## [ACTION ITEM]
Starting at the line that has "ALYCE Paris 27602" and stopping after the line that has "Silver CZ Necklace", reproduce the listing below exactly; omit everything else.

## [SUPPLIED INFORMATION]

↓↓↓

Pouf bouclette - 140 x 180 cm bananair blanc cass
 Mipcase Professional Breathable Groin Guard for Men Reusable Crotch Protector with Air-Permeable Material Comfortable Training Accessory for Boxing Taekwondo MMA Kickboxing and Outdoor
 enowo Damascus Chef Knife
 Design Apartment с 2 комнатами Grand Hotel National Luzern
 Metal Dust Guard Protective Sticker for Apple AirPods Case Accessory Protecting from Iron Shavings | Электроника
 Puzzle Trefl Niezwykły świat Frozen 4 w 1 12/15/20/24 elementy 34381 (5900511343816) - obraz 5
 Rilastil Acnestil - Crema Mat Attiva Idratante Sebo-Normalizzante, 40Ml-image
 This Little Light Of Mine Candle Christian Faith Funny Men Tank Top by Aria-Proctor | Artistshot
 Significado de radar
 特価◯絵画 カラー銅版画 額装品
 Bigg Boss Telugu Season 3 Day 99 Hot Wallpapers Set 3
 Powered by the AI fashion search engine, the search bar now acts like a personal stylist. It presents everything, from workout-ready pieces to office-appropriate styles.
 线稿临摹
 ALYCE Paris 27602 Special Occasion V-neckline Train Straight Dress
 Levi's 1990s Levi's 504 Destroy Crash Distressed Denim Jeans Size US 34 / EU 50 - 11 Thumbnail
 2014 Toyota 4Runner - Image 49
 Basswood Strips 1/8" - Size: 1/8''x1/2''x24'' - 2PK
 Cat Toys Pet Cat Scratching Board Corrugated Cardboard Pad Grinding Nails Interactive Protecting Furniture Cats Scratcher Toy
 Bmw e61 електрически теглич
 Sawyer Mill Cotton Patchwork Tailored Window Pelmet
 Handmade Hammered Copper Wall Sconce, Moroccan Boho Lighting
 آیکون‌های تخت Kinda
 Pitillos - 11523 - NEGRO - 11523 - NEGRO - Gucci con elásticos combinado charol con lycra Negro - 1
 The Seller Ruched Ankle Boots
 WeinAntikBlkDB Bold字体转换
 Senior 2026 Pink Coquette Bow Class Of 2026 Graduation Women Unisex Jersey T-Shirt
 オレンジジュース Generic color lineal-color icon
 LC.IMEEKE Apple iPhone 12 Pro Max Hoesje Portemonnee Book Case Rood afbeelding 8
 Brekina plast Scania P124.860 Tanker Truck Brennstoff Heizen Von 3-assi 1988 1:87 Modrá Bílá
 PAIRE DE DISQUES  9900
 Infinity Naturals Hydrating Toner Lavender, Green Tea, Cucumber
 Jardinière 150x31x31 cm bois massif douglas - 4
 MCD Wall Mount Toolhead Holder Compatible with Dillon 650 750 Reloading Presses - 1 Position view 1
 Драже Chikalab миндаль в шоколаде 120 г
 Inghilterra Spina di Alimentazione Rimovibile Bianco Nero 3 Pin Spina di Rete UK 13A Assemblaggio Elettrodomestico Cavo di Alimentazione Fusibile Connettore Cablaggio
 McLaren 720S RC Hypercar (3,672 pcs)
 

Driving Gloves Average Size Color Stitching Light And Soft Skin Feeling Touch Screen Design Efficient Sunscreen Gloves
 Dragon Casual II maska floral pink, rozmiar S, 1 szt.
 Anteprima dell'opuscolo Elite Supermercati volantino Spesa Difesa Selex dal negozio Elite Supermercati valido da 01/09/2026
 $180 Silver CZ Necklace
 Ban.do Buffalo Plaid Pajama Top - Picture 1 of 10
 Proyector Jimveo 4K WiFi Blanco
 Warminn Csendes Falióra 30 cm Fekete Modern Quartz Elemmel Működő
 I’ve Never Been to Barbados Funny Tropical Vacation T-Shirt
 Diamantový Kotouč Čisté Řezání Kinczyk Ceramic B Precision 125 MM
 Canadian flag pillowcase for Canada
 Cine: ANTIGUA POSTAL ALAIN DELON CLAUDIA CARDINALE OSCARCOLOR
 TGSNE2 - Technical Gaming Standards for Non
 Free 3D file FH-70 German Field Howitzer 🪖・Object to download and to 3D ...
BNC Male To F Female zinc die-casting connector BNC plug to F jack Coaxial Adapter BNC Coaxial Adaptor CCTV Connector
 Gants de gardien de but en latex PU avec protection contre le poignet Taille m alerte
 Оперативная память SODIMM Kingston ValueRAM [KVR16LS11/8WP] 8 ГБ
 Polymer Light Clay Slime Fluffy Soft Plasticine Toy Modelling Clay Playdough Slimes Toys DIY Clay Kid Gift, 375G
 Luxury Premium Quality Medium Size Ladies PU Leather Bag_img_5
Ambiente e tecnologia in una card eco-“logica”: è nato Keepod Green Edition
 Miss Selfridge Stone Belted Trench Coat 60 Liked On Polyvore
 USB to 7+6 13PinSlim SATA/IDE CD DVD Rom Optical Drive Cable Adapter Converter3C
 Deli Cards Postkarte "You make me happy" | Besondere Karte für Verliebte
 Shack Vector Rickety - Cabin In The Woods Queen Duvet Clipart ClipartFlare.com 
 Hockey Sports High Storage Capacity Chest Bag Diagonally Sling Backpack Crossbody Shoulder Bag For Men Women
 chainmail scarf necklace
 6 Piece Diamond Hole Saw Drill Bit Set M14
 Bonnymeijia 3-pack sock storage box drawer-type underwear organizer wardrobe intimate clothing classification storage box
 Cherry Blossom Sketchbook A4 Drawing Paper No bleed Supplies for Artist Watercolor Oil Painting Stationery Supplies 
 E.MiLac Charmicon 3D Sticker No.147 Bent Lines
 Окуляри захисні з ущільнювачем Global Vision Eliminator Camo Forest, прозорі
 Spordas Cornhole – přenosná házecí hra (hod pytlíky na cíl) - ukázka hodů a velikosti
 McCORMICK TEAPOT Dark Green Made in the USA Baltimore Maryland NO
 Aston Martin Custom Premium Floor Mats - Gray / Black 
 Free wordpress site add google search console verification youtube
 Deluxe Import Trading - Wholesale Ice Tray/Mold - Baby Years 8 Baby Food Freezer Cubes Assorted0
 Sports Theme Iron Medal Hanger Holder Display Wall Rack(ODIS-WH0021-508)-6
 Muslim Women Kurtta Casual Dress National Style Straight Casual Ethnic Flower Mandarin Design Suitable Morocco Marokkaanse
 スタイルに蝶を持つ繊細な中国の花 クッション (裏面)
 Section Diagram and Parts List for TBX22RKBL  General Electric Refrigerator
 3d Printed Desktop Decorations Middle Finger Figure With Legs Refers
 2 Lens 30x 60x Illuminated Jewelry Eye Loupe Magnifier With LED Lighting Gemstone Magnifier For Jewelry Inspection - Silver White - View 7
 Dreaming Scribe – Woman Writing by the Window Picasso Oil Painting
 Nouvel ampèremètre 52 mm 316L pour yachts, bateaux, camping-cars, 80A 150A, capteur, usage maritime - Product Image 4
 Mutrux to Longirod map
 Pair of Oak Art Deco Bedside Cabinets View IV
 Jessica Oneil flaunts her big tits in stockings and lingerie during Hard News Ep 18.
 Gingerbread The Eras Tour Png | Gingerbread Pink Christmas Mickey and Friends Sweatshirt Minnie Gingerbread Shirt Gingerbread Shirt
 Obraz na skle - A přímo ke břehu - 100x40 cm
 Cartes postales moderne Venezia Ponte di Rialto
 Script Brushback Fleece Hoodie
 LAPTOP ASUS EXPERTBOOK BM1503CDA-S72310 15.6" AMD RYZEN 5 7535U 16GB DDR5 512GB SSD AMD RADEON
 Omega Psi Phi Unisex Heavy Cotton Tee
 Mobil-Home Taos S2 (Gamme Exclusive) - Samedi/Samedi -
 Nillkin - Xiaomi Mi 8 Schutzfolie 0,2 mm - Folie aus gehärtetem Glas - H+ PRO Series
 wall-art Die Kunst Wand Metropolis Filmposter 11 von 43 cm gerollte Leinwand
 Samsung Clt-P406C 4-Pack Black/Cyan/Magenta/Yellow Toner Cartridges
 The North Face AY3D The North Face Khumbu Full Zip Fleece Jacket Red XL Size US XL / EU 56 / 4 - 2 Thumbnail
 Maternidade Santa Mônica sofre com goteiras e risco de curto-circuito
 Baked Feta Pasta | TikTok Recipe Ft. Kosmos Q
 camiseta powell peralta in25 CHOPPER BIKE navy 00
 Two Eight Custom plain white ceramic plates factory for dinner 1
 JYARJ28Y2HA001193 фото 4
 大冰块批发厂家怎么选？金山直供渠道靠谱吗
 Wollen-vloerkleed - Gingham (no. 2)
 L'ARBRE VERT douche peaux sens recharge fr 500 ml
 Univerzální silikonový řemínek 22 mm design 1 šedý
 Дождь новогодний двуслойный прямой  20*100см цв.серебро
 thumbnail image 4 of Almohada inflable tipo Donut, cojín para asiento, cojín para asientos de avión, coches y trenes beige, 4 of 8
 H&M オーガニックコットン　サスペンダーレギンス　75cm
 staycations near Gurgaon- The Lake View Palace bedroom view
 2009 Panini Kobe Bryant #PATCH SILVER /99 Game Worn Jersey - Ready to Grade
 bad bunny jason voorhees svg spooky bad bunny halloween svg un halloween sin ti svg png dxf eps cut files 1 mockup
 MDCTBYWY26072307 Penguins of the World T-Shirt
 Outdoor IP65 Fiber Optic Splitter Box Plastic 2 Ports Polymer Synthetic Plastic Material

↑↑↑

## [ANSWER]
 ALYCE Paris 27602 Special Occasion V-neckline Train Straight Dress
 Levi's 1990s Levi's 504 Destroy Crash Distressed Denim Jeans Size US 34 / EU 50 - 11 Thumbnail
 2014 Toyota 4Runner - Image 49
 Basswood Strips 1/8" - Size: 1/8''x1/2''x24'' - 2PK
 Cat Toys Pet Cat Scratching Board Corrugated Cardboard Pad Grinding Nails Interactive Protecting Furniture Cats Scratcher Toy
 Bmw e61 електрически теглич
 Sawyer Mill Cotton Patchwork Tailored Window Pelmet
 Handmade Hammered Copper Wall Sconce, Moroccan Boho Lighting
 آیکون‌های تخت Kinda
 Pitillos - 11523 - NEGRO - 11523 - NEGRO - Gucci con elásticos combinado charol con lycra Negro - 1
 The Seller Ruched Ankle Boots
 WeinAntikBlkDB Bold字体转换
 Senior 2026 Pink Coquette Bow Class Of 2026 Graduation Women Unisex Jersey T-Shirt
 オレンジジュース Generic color lineal-color icon
 LC.IMEEKE Apple iPhone 12 Pro Max Hoesje Portemonnee Book Case Rood afbeelding 8
 Brekina plast Scania P124.860 Tanker Truck Brennstoff Heizen Von 3-assi 1988 1:87 Modrá Bílá
 PAIRE DE DISQUES  9900
 Infinity Naturals Hydrating Toner Lavender, Green Tea, Cucumber
 Jardinière 150x31x31 cm bois massif douglas - 4
 MCD Wall Mount Toolhead Holder Compatible with Dillon 650 750 Reloading Presses - 1 Position view 1
 Драже Chikalab миндаль в шоколаде 120 г
 Inghilterra Spina di Alimentazione Rimovibile Bianco Nero 3 Pin Spina di Rete UK 13A Assemblaggio Elettrodomestico Cavo di Alimentazione Fusibile Connettore Cablaggio
 McLaren 720S RC Hypercar (3,672 pcs)
 

Driving Gloves Average Size Color Stitching Light And Soft Skin Feeling Touch Screen Design Efficient Sunscreen Gloves
 Dragon Casual II maska floral pink, rozmiar S, 1 szt.
 Anteprima dell'opuscolo Elite Supermercati volantino Spesa Difesa Selex dal negozio Elite Supermercati valido da 01/09/2026
 $180 Silver CZ Necklace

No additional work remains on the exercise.